ASSIGNED TASK – Return the entries exactly. Images are not part of the copy.

+-------+

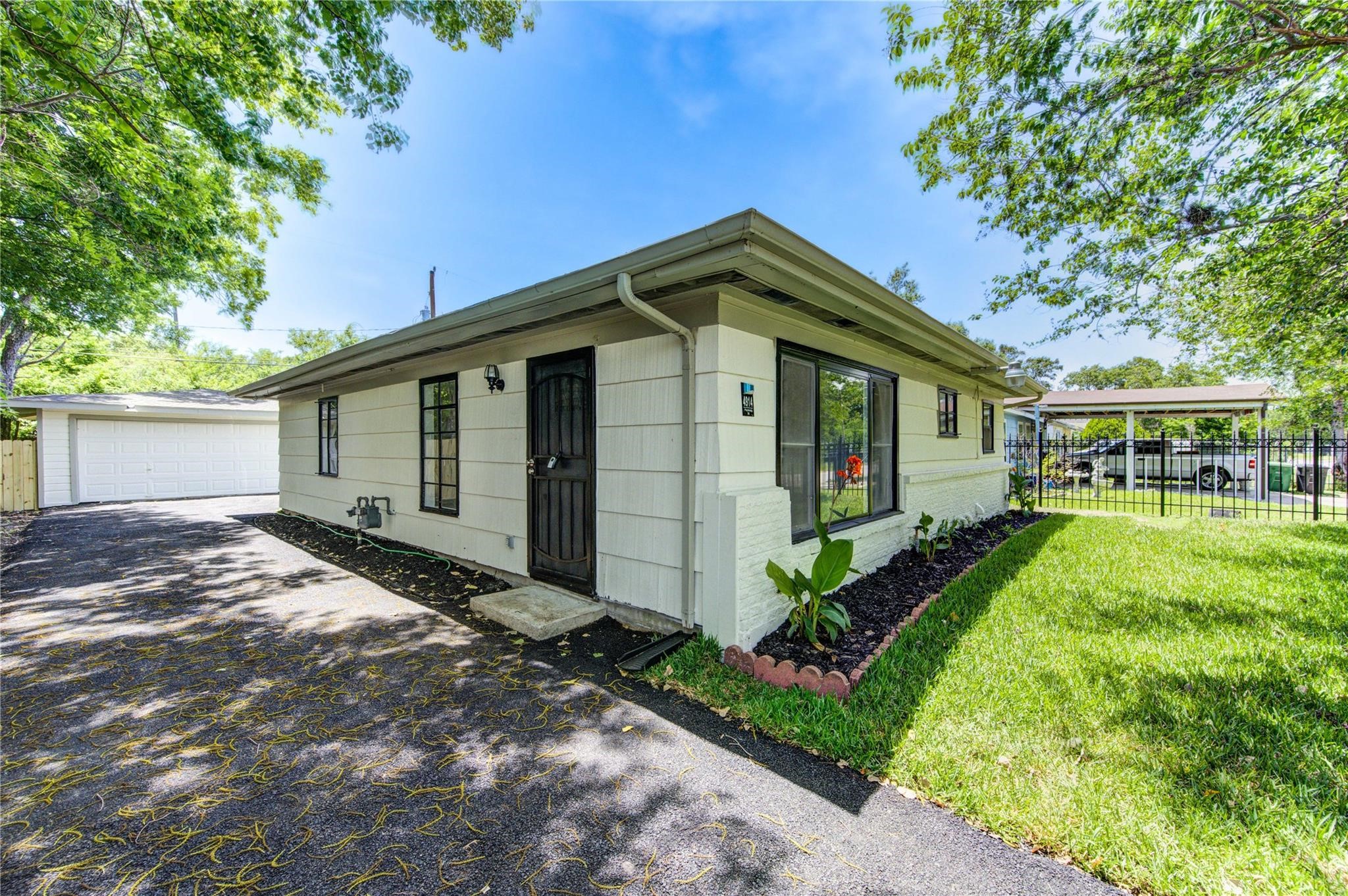 a front view of house with yard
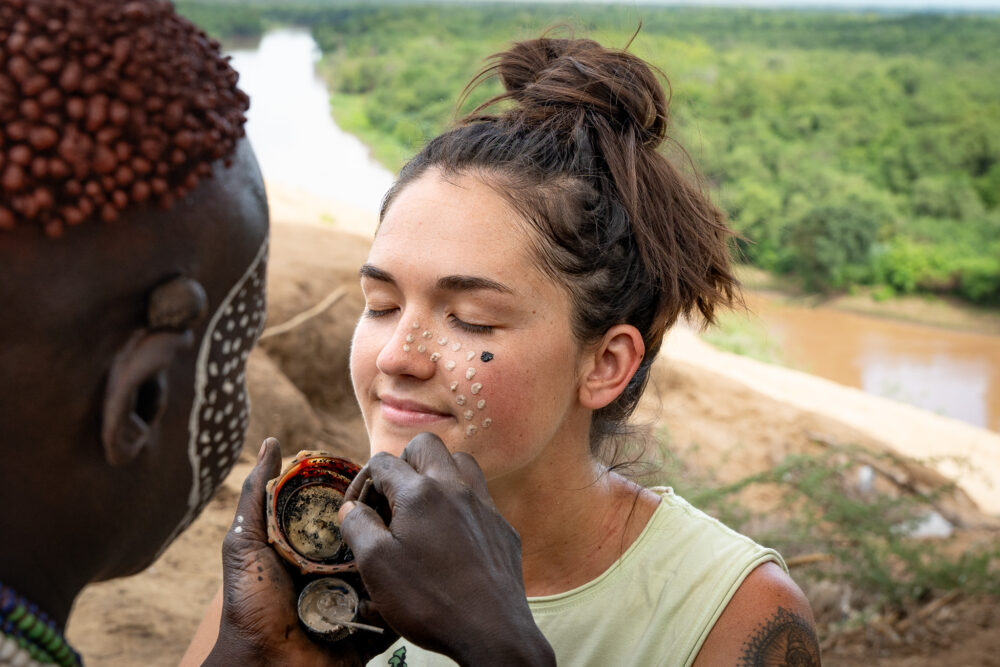 me, getting my face painted by one of the tribal woman in Ethiopia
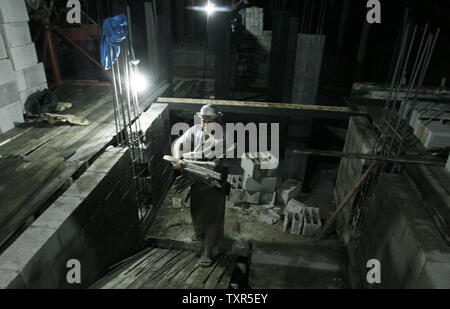 Les travailleurs de la construction palestinienne travaillent la nuit à Rafah dans le sud de Gaza le 27 juillet 2012. Les travailleurs palestiniens travailler la nuit pendant le mois de Ramadan en raison des températures diurnes. Aussi les travailleurs ne peuvent pas travailler pendant la journée lorsqu'ils sont à jeun. Ismael Mohamad/UPI Banque D'Images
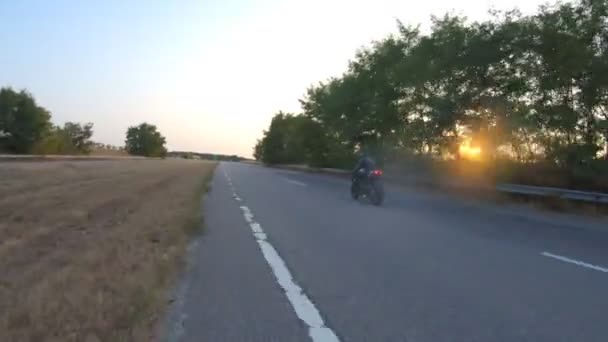 跟随骑摩托的人在日落时骑着现代摩托车在乡间路上.骑摩托车的人在高速公路上骑摩托车.旅行时骑自行车的家伙。旅行和自由的概念。空中射击 — 图库视频影像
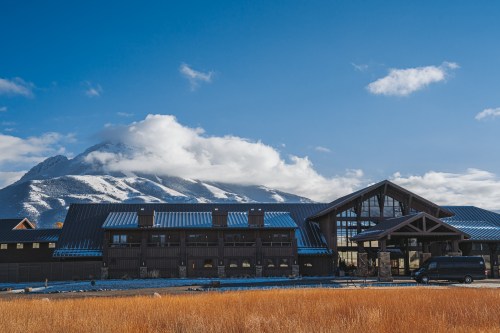 A modern building with a blue roof, set against a backdrop of snow-capped mountains and a clear blue sky.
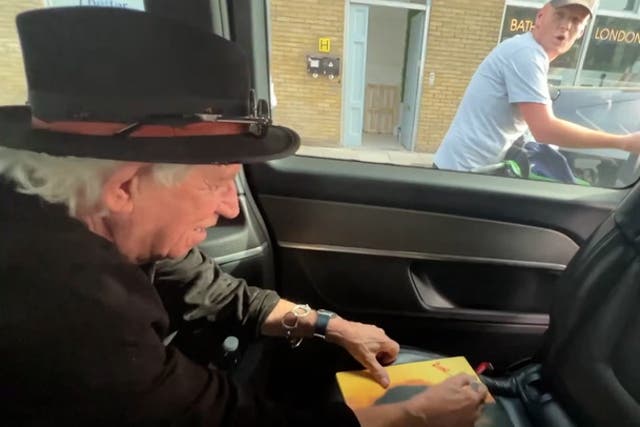<p>Rolling Stones’ Keith Richards jokes with cyclist as he signs autograph for him in taxi at traffic lights.</p>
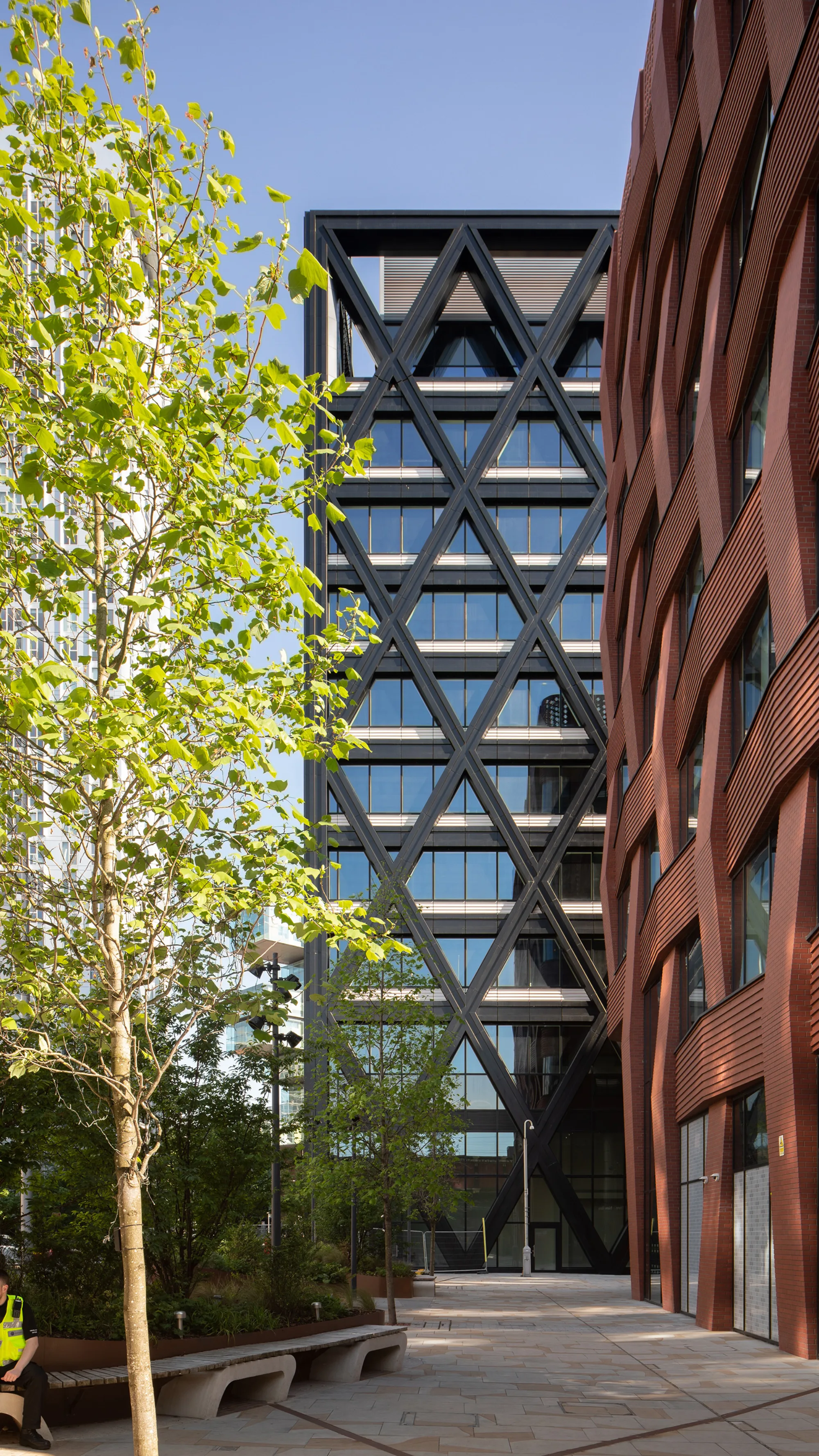 Exterior of a building with a landscaped area and wooden walls adjacent to a glass structure, combining natural and modern design elements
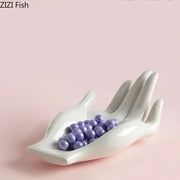 White ceramic hand-shaped fruit plate tray holding purple beads for living room decor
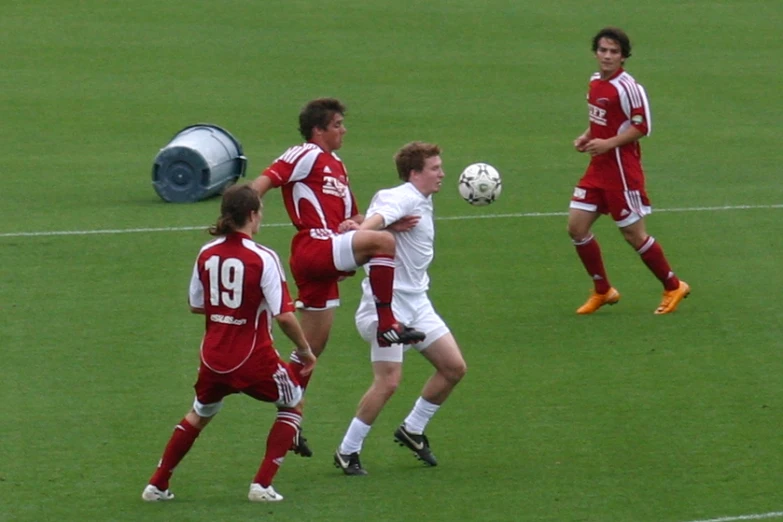 the group of young men are playing soccer on a field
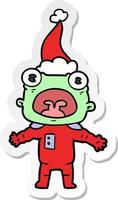 sticker cartoon of a weird alien communicating wearing santa hat vector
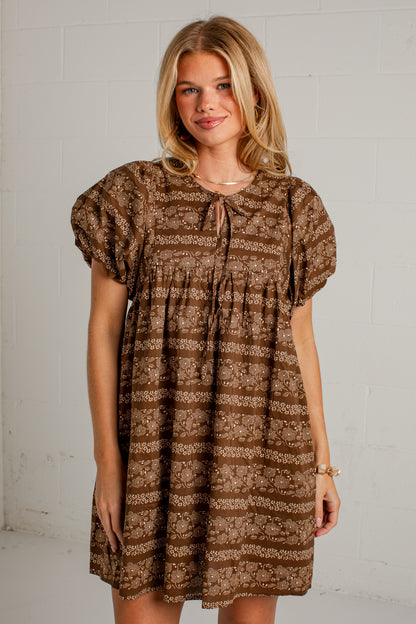 A woman modeling a brown and beige patterned short-sleeve dress with a tie-neck detail, standing against a white brick wall.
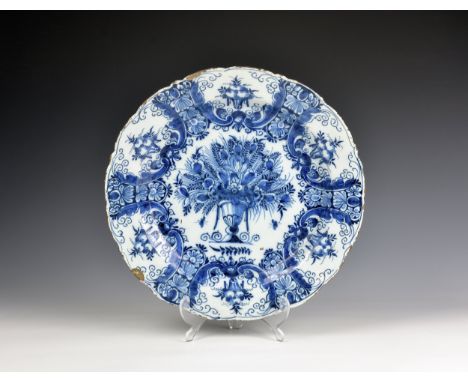 An 18th century Dutch Delft 'Peacock' pattern charger with barbed rim, painted with urn holding a floral bouquet and peacock 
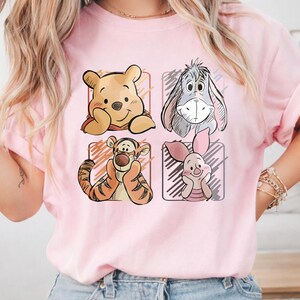 May include: A light pink t-shirt featuring four cartoon character portraits in square frames. The characters include a yellow bear, a gray donkey, an orange tiger, and a pink bunny. The shirt has short sleeves and a crew neck.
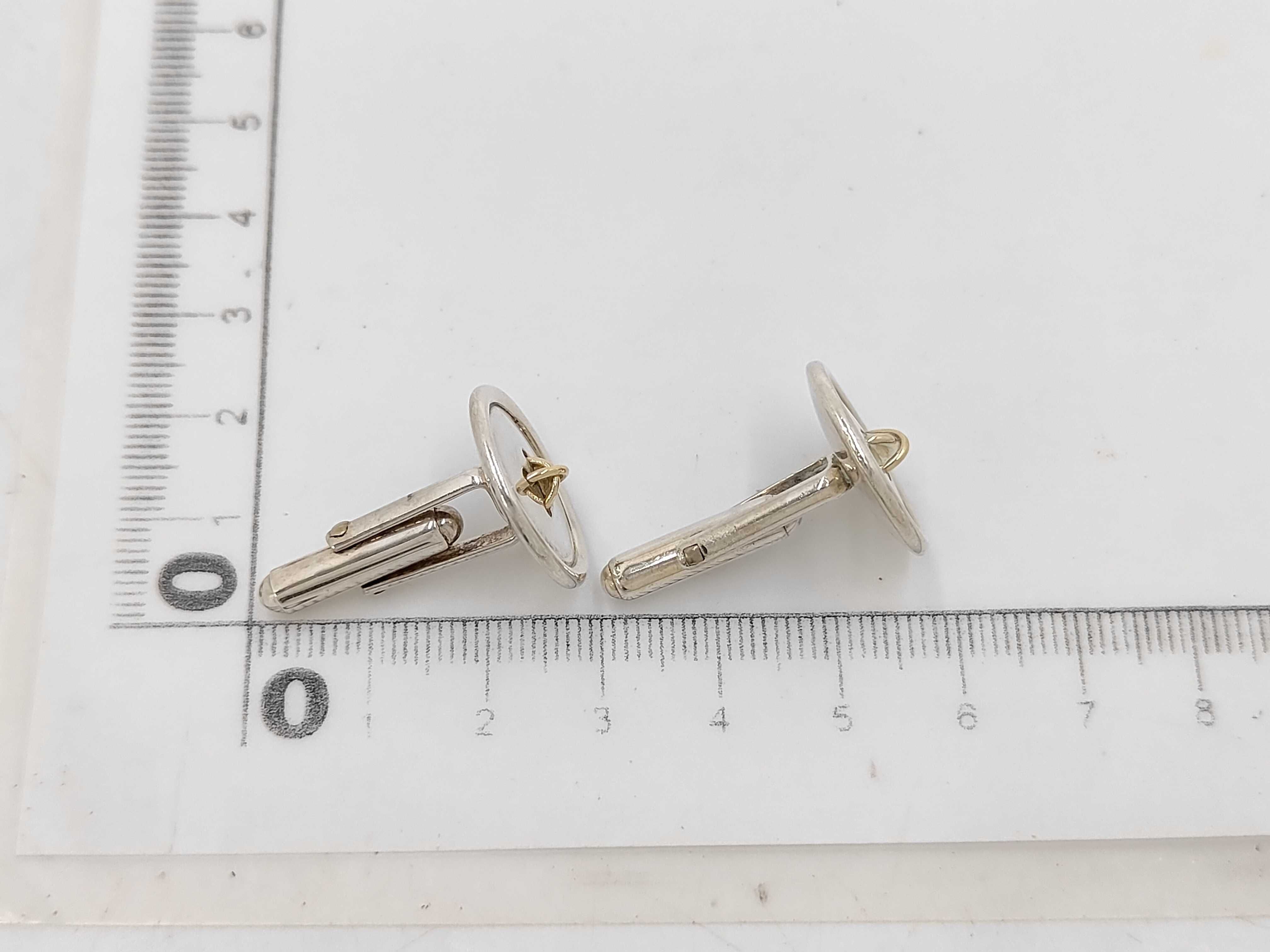 A Pair of Tiffany & Co. Sterling Silver and 18 Karat Yellow Gold Button-Motif Cufflinks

+-------+

WRITTEN REPLY –
 a front view of house with yard
 me, getting my face painted by one of the tribal woman in Ethiopia
 Les travailleurs de la construction palestinienne travaillent la nuit à Rafah dans le sud de Gaza le 27 juillet 2012. Les travailleurs palestiniens travailler la nuit pendant le mois de Ramadan en raison des températures diurnes. Aussi les travailleurs ne peuvent pas travailler pendant la journée lorsqu'ils sont à jeun. Ismael Mohamad/UPI Banque D'Images
 跟随骑摩托的人在日落时骑着现代摩托车在乡间路上.骑摩托车的人在高速公路上骑摩托车.旅行时骑自行车的家伙。旅行和自由的概念。空中射击 — 图库视频影像
 A modern building with a blue roof, set against a backdrop of snow-capped mountains and a clear blue sky.
<p>Rolling Stones’ Keith Richards jokes with cyclist as he signs autograph for him in taxi at traffic lights.</p>
 Exterior of a building with a landscaped area and wooden walls adjacent to a glass structure, combining natural and modern design elements
 White ceramic hand-shaped fruit plate tray holding purple beads for living room decor
 the group of young men are playing soccer on a field
 sticker cartoon of a weird alien communicating wearing santa hat vector
 A woman modeling a brown and beige patterned short-sleeve dress with a tie-neck detail, standing against a white brick wall.
 An 18th century Dutch Delft 'Peacock' pattern charger with barbed rim, painted with urn holding a floral bouquet and peacock 
 May include: A light pink t-shirt featuring four cartoon character portraits in square frames. The characters include a yellow bear, a gray donkey, an orange tiger, and a pink bunny. The shirt has short sleeves and a crew neck.
 A Pair of Tiffany & Co. Sterling Silver and 18 Karat Yellow Gold Button-Motif Cufflinks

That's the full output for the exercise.